Sen. Cory McCray is one of the leading advocates for raising Maryland's minimum wages, in phases, to $15 an hour. (File Photo/Maximilian Franz)

Sen. Cory McCray, shown at the General Assembly in 2017, was a leading proponent of a new law requiring the city to redraw its policing district boundaries after a decennial census. (File Photo/Maximilian Franz)

Supporters of a pair of state laws that went on the books this month said they’ll eventually improve Baltimore police operations, as violent crime continues plaguing Baltimore and the union representing police officers trades bars with City Hall over the latest crime-fighting plan.

Maryland law now requires Baltimore’s police commissioner to adjust the boundaries of the city’s nine police districts, modify staffing and redirect resources following a decennial census. Another law requires the city to hire a greater percentage of civilian employees to free up officers from administrative tasks.

“It took three to four years to get done. But we did get across the finish line,” said Sen. Cory McCray, lead proponent of the redistricting bill in the Senate.

City Council President Brandon Scott, who is a candidate for mayor, said both the redistricting bill and the civilian employee law sponsored by state Sen.
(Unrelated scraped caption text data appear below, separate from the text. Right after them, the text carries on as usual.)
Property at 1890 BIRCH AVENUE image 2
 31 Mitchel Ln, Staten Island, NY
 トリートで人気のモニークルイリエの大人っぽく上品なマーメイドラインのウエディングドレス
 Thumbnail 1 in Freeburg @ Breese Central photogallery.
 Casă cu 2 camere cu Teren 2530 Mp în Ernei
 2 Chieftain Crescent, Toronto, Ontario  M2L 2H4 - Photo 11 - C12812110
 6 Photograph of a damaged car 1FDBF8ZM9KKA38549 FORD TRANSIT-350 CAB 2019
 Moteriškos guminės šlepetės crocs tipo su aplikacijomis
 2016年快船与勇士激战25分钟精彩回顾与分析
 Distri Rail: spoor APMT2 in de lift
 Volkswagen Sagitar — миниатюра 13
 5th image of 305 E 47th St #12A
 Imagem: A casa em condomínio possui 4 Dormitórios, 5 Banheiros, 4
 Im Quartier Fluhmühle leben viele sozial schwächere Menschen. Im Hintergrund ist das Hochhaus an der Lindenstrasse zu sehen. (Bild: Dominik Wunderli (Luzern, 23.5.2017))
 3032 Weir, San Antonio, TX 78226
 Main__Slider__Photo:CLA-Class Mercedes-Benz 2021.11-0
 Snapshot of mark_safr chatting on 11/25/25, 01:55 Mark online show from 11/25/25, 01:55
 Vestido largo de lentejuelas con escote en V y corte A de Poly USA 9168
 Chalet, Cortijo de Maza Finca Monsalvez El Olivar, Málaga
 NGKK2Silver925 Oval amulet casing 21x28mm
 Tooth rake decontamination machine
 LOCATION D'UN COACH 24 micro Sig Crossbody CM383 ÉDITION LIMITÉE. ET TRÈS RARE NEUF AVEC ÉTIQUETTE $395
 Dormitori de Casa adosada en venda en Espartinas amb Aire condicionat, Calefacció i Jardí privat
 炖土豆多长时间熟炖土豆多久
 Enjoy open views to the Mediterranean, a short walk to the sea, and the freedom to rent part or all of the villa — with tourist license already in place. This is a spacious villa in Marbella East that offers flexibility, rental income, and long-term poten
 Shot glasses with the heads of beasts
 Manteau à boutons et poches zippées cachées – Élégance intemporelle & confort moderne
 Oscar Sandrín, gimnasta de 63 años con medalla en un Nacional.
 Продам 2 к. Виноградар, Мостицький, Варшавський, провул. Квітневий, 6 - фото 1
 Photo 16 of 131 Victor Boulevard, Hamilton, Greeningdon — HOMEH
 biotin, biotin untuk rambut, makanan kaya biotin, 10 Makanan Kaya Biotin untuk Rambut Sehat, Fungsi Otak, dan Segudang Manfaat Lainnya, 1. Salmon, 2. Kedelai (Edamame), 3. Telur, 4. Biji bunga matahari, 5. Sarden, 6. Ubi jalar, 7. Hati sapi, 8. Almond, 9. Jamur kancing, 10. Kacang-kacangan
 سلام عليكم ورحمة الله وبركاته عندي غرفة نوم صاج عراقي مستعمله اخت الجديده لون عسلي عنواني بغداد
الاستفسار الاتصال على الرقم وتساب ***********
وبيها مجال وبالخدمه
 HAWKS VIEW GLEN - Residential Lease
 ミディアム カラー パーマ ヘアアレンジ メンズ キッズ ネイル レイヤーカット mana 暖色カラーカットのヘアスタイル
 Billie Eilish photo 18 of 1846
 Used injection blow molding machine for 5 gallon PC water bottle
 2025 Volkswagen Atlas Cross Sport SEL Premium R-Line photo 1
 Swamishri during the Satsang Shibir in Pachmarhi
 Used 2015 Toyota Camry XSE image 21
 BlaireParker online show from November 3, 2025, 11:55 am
Antonio Hayes were long overdue. But he provided a simple reason for why a state law was required to mandate the department hire 20% civilian employees by Jan. 1 2022.

“It’s simply a lack of leadership,” Scott said.

Col. Richard Worley, Baltimore Police Department’s chief of patrol, said the agency supported both laws and that the department had no problems supporting bills that help police fight crime. The department started conducting interviews of potential civilian employees on Wednesday, he said, predicting that the department eventually will top the law’s mandated 20% civilian workforce.

“This is a good day for the city and a good day for the police department,” Worley said.

Mike Hilliard, a retired police major now serving as the program director for community services with the HARBEL Community Organization in northeast Baltimore, said the changes in deployment and redistricting have long been needed.

“I was one of those people who had to labor trying to deploy officers in (the) late 20th century, using a mid-20th century model. So I truly understand the impact this is going to have … and how it will bring deployment of the Baltimore Police Department into the 21st century, ” Hilliard said.

The changes in district lines, staffing and resources, however, won’t be enacted until after the federal government completes the 2020 census. The law also requires Baltimore’s police commissioner to use crime data when making adjustments to districts.

The push to alter the police department districts goes back more than a decade. The late Councilman Kenneth Harris Sr. was the first to push for the change at City Hall, Scott said. After Harris left office following a failed bid for City Council president in 2007, the push for police redistricting fell to former Councilman Robert W. Curran, then to Councilman Bill Henry and eventually to Scott, who was appointed council president by his colleagues in May.

Harris was killed in September 2008 during a botched robbery at the New Haven Lounge. His children, Kenneth Harris Jr. and Nicole Harris-Crest, attended the news conference in their father’s place. Kenneth Harris Jr. said his father would be proud that the change he sought is finally on the way.

“It’s the common-sense solution,” Kenneth Harris Jr. said.